AS OPPOSED TO? Canadian Hockey Association VP Bob
Nicholson, on his team's fourth place finish: "I don't think
it was a disaster at all. We certainly didn't get the gold
medal we were after, but the players themselves were
outstanding" (Grant Kerr, Toronto GLOBE & MAIL, 2/24).
MLB: USA TODAY's Hal Bodley writes MLB "can forget
about sending players to the Olympics. The [NHL] proved in
Nagano it doesn't work." MLB President Paul Beeston: "When
we talked about this, we said we had the benefit of being
able to observe what happened with the NHL in the Olympics.
Sure, there are some concerns now" (USA TODAY, 2/24).

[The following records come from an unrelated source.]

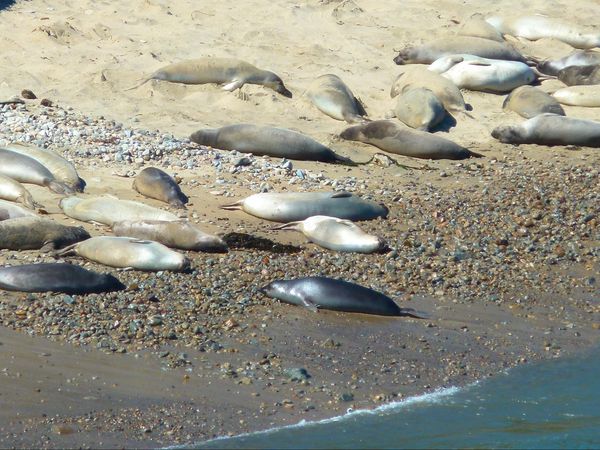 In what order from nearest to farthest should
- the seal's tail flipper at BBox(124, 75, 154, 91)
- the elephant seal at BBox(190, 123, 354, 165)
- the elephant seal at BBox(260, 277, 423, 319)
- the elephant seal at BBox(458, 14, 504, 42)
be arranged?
the elephant seal at BBox(260, 277, 423, 319) → the elephant seal at BBox(190, 123, 354, 165) → the seal's tail flipper at BBox(124, 75, 154, 91) → the elephant seal at BBox(458, 14, 504, 42)

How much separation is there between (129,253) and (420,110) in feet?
14.0

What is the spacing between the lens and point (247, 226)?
794 cm

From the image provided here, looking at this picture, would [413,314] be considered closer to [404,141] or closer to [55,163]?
[55,163]

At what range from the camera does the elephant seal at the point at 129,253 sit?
22.6 feet

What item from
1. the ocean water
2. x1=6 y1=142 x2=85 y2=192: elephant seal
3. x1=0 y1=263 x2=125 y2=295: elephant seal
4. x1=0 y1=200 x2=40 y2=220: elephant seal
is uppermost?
the ocean water

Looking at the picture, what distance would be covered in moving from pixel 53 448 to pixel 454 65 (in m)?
7.85

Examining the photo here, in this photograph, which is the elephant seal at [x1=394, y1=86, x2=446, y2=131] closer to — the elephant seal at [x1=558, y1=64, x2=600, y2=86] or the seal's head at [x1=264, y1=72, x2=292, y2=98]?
the seal's head at [x1=264, y1=72, x2=292, y2=98]

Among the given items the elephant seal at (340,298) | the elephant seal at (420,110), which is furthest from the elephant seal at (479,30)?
the elephant seal at (340,298)

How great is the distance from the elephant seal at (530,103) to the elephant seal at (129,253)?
5034 millimetres

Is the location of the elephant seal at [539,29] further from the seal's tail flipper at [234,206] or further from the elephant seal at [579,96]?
the seal's tail flipper at [234,206]

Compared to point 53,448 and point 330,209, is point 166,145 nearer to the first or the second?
point 330,209

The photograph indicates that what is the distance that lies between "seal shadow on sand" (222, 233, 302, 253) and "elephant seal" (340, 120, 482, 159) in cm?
251

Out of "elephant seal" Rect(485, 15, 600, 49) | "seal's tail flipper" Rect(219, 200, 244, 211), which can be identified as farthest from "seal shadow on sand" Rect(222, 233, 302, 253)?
"elephant seal" Rect(485, 15, 600, 49)

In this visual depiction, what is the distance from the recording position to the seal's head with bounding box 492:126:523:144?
10.3 metres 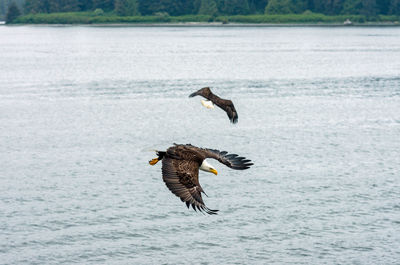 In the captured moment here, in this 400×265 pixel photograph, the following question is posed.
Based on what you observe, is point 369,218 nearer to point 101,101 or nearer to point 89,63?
point 101,101

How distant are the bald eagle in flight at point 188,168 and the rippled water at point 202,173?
16.6m

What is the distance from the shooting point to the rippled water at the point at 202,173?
4144 cm

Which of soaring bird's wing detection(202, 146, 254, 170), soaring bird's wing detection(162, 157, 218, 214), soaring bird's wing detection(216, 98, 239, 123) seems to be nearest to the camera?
soaring bird's wing detection(162, 157, 218, 214)

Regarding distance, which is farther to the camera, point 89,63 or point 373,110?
point 89,63

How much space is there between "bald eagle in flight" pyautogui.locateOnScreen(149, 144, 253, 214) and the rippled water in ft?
54.5

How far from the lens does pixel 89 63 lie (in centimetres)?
14550

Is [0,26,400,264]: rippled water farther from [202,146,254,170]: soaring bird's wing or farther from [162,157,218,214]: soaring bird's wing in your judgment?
[162,157,218,214]: soaring bird's wing

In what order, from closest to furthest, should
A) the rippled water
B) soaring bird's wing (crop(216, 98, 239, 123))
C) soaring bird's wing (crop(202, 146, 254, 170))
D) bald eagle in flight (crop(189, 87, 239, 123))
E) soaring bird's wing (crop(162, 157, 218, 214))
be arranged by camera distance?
soaring bird's wing (crop(162, 157, 218, 214)), soaring bird's wing (crop(202, 146, 254, 170)), bald eagle in flight (crop(189, 87, 239, 123)), soaring bird's wing (crop(216, 98, 239, 123)), the rippled water

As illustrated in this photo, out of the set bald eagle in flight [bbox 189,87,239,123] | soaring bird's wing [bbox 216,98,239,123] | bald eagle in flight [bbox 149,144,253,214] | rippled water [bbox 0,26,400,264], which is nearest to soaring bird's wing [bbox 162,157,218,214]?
bald eagle in flight [bbox 149,144,253,214]

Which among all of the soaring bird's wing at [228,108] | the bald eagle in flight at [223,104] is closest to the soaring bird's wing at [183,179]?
the bald eagle in flight at [223,104]

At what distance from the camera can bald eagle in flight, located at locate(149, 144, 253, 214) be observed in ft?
70.8

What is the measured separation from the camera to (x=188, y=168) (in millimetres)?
22562

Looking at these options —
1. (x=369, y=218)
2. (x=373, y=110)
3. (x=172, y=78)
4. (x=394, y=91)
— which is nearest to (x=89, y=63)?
(x=172, y=78)

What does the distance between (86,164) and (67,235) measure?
55.3 feet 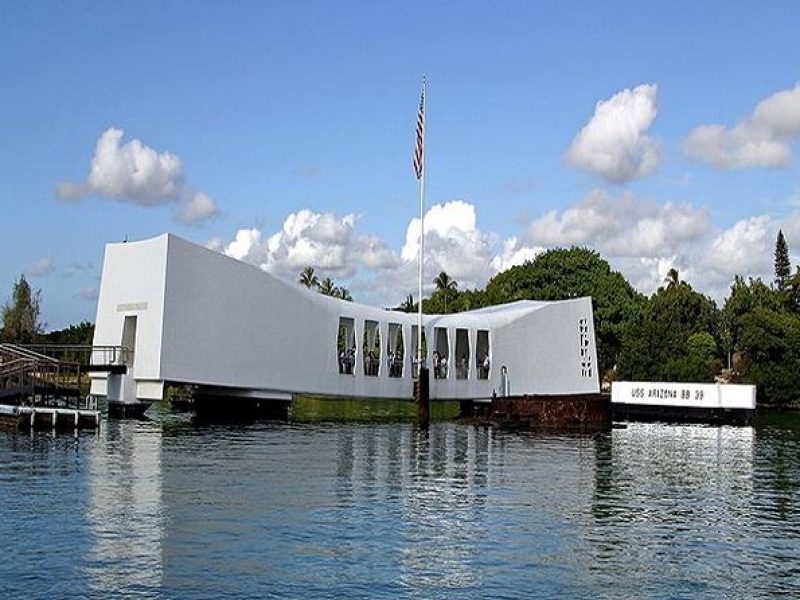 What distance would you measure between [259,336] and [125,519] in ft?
96.7

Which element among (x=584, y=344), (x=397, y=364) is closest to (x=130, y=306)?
(x=397, y=364)

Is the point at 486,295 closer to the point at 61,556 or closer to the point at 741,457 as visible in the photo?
the point at 741,457

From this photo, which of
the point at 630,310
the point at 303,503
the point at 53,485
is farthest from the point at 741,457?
the point at 630,310

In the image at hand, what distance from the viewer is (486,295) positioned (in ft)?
356

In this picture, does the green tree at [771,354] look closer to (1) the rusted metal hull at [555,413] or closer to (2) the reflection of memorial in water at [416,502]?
(1) the rusted metal hull at [555,413]

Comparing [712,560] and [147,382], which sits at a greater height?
[147,382]

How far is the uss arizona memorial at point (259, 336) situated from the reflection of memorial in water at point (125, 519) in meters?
13.4

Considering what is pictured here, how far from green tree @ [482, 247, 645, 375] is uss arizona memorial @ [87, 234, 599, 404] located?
36746 millimetres

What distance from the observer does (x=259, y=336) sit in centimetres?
4744

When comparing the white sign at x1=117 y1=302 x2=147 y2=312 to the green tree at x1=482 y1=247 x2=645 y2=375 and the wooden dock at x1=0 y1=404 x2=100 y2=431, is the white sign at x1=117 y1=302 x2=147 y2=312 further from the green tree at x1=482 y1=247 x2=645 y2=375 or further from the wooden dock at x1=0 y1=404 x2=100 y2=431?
the green tree at x1=482 y1=247 x2=645 y2=375

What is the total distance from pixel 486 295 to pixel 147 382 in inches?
2629

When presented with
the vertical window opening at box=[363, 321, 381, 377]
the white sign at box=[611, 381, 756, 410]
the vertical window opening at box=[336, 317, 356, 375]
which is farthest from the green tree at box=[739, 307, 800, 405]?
the vertical window opening at box=[336, 317, 356, 375]

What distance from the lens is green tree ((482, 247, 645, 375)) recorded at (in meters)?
96.8

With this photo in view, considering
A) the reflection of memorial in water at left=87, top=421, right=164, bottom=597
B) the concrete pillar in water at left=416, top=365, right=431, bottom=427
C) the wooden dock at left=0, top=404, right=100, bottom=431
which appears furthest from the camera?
the concrete pillar in water at left=416, top=365, right=431, bottom=427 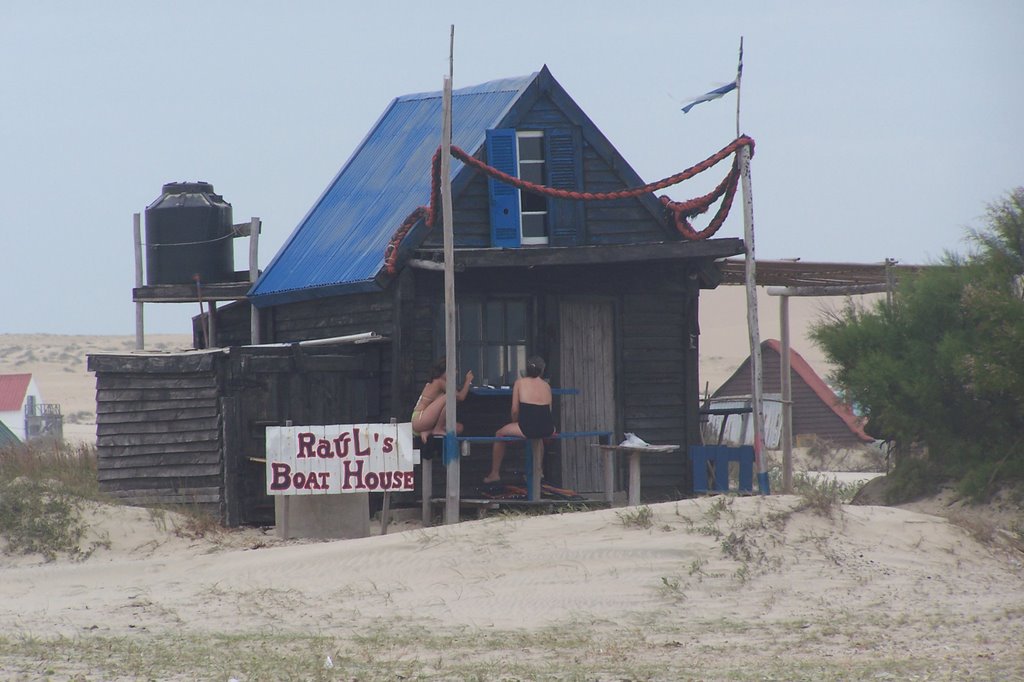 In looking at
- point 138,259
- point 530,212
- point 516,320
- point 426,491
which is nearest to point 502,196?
point 530,212

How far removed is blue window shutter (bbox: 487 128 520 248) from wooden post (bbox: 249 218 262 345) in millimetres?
4517

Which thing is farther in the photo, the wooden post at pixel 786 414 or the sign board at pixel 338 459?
the wooden post at pixel 786 414

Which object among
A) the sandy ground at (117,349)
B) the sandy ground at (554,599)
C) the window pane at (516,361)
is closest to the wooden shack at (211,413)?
the sandy ground at (554,599)

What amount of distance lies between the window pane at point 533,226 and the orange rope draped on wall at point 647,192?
0.38 metres

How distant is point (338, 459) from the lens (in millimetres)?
14195

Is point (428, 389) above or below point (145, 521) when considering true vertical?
above

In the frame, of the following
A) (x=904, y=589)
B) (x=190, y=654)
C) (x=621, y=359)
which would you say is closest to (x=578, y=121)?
(x=621, y=359)

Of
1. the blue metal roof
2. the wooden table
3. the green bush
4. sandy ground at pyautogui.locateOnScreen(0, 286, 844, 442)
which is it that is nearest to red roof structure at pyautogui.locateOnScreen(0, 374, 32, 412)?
sandy ground at pyautogui.locateOnScreen(0, 286, 844, 442)

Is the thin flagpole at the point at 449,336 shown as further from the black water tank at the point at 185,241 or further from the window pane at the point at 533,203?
the black water tank at the point at 185,241

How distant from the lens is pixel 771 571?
11.8 meters

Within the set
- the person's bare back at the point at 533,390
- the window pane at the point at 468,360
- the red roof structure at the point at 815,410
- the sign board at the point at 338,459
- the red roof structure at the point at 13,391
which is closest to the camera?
the sign board at the point at 338,459

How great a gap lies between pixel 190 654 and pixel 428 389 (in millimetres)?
5795

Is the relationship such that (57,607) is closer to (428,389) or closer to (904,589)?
(428,389)

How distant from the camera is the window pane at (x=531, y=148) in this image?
55.8 ft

While the women's U.S. hockey team won the gold, "most
people connected with the sport think it's ready for a
small-scale regional pro league at best, and perhaps not
even that," according to Barbara Huebner of the BOSTON
GLOBE. USA Hockey Exec Dir David Ogrean: "A full-fledged
professional league is a ways down the line. I think we
need to move forward, but realistically forward." Ogrean
calls the Women's Professional Hockey League (WPHL), led by
Hockey East Dir of Media Relations Ed Saunders, "in the near
term probably one of the best ideas." Its four teams would
have 20 players each, paid $500-$1,000 per game. Ogrean
sees the "biggest boost" of the women's gold medal at the
youth, high school and college level (BOSTON GLOBE, 2/24).
The WPHL is profiled by BLOOMBERG, as Jack McGregor, one of
the league's investors, said the WPHL will incur startup
costs of $1-1.2M. Site selection for the four franchises
will be announced in March (BLOOMBERG/N.Y. POST, 2/24).